But the predominant and most important failing of the author of “Devereux,” in point of style, is an absolute mania for metaphor—metaphor always running into allegory. Pure allegory is at all times an abomination—a remnant of antique barbarism—appealing only to our faculties of comparison, without even a remote interest for our reason, or for our fancy. Metaphor, its softened image, has indisputable force when sparingly and skilfully employed. Vigorous writers use it rarely indeed. Mr. Bulwer is all metaphor or all allegory—mixed metaphor and unsustained allegory—and nothing if neither. He cannot express a dozen consecutive sentences in an honest and manly manner. He is the king-coxcomb of figures-of-speech. His rage for personification is really ludicrous. The simplest noun becomes animate in his hands. Never, by any accident, does he write even so ordinary a word as time, or temper, or talent, without the capital T. Seldom, indeed, is he content with the dignity and mysticism thus imposed;—for the most part it is Time, Temper and Talent. Nor does the common-place character of anything which he wishes to personify exclude it from the prosopopeia. At page 256, volume 1, we have some profound rigmarole, seriously urged, about piemen crying “all hot! all hot!” “in the ear of Infant and Ragged Hunger,” thus written; and, at page 207, there is something positively transcendental all about LAW—a very little thing in itself, in some cases—but which Mr. Bulwer, in his book, has thought proper to make quite as big as we have printed it above. Who cannot fancy him, in the former instance, saying to himself, as he gnaws the top of his quill, “that is a fine thought!” and exclaiming in the latter, as he puts his finger to the side of his nose, “ah, how very fine an idea that is!”

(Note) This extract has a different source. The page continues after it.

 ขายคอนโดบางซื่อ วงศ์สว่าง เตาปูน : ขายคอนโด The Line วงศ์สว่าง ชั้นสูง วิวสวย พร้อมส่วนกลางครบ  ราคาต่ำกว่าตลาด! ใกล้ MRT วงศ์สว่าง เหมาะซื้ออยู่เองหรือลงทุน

This absurdity, indeed, is chiefly observable in those philosophical discussions with which he is in the wicked habit of interspersing his fictions, and springs only from a rabid anxiety to look wise—to appear profound—even when wisdom is quite out of place, and profundity the quintessence of folly. A “still small voice” has whispered in his ear that, as to the real matter of fact, he is shallow—a whisper which he does not intend to believe, and which, by dint of loud talking in parables, he hopes to prevent from reaching the ears of the public. Now, in truth, the public, great-gander as it is, is content to swallow his romance without much examination, but cannot help turning up its nose at his logic.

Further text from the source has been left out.